Records provided>
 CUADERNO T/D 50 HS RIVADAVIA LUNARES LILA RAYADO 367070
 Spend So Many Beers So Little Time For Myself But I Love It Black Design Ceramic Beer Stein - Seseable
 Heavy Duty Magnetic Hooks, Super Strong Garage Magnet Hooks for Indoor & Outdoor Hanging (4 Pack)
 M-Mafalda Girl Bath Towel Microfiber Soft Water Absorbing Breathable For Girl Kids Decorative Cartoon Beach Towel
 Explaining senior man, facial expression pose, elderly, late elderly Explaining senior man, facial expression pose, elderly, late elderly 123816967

---

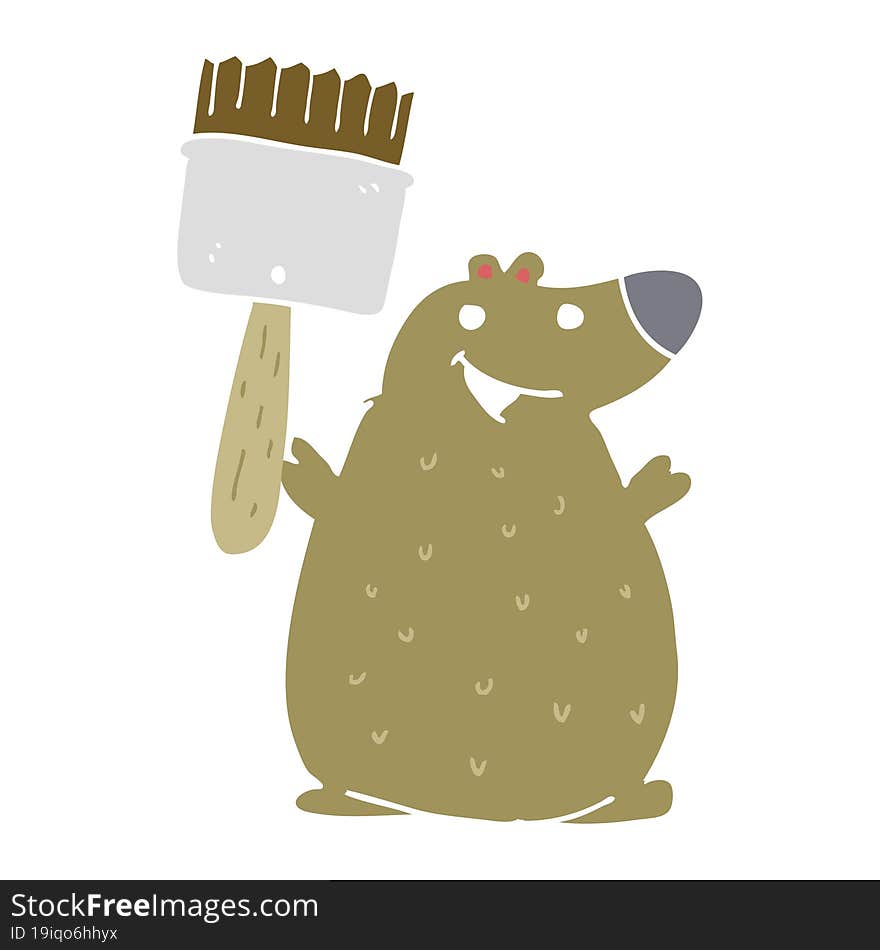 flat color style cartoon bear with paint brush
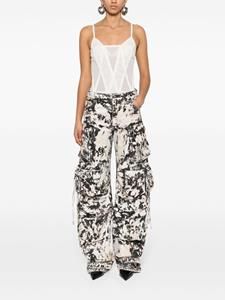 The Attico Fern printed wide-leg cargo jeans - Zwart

...

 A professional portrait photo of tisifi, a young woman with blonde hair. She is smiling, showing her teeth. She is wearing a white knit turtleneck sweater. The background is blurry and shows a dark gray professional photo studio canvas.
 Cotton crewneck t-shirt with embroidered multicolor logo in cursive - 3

Task prompt> From the entries above, print the lines beginning at the one with "Spend So Many" and stopping after the one with "late elderly 123816967", exactly as written and with nothing else.

Output for this exercise>
 Spend So Many Beers So Little Time For Myself But I Love It Black Design Ceramic Beer Stein - Seseable
 Heavy Duty Magnetic Hooks, Super Strong Garage Magnet Hooks for Indoor & Outdoor Hanging (4 Pack)
 M-Mafalda Girl Bath Towel Microfiber Soft Water Absorbing Breathable For Girl Kids Decorative Cartoon Beach Towel
 Explaining senior man, facial expression pose, elderly, late elderly Explaining senior man, facial expression pose, elderly, late elderly 123816967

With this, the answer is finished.